The average conversion rate goes to (14%+4.2%+2.1%)/3 = 6.76%, a mere 4% improvement over the old conversion rate of (10%+3%)/2=6.5%. If Channel C were twice the size of channel A, then the conversion rate would actually go down to (14%+4.2%+2x2.1%)/4 = 5.6%!

On the other hand it's important to look at aggregate numbers. In these scenarios, improving conversion rates has increased sales by 50-100%. The additional sales have significantly lower margin, but it's still an increase in profits.

Why Indian software developers are lower quality than Western ones

I've made this argument elsewhere in more detail, but I'll give a short summary here.

The cost of an American developer is approximately 3-10x the cost of a similar Indian developer. In my experience (I lived in India for many years), there are plenty of Indian developers and data scientists just as good as any in the US. (If you are seeking employees, I know of a good company that everyone is leaving from. I can connect you to people.)

Yet the reputation of Indian developers among Americans is quite low. People commonly talk about outsourced projects run by teams of idiots, and have generally strong criticisms of Indian developers in general.

I never had this experience, but I also subject anyone I hire in India to the same level of hiring rigor that I subject Americans to.

We can reconcile these two views simply by observing that as you lower the cost of a failure (e.g. making a bad hire), it is economically optimal to allow a higher rate of failure. This means that Indian companies competing with American companies should have a lower hiring bar, by the same logic as above. This will drag the average quality of Indian developers down; similarly low quality American developers would simply not get hired as developers.

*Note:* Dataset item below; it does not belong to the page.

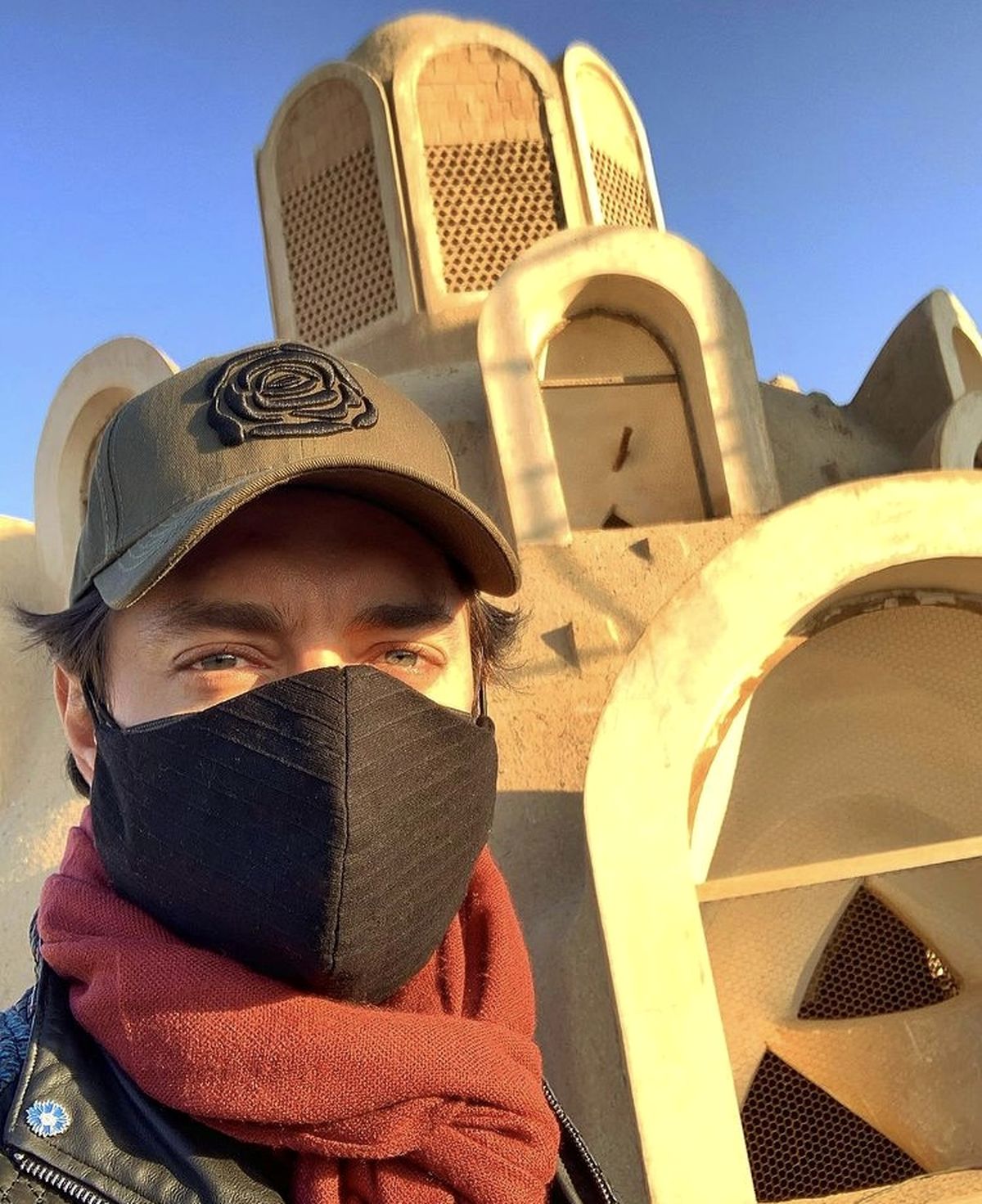 بهرام رادان در کاشان + عکس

Thus, the Indian software engineering market has lower quality simply because low costs have allowed a larger pool of people to enter.

(Note: I'm singling out India only because I lived and worked there for many years.)

Conclusion

The interplay between individual success probabilities, cost of failure, and aggregate success probabilities is complex. It is simply innumerate to say, as Austin Allred did, that "We will never be ok with 50% [success rate]." As the cost of failure drops, as it does with Lambda School, the socially optimal success rate also drops.

(To be clear, I believe @austen probably knows this and is merely attempting to placate innumerate journalists.)

Simple economics tells us that the lower the cost of failure, the more failed attempts should be made. When the cost of failure goes down, any critique of reduced success rates is hopelessly innumerate.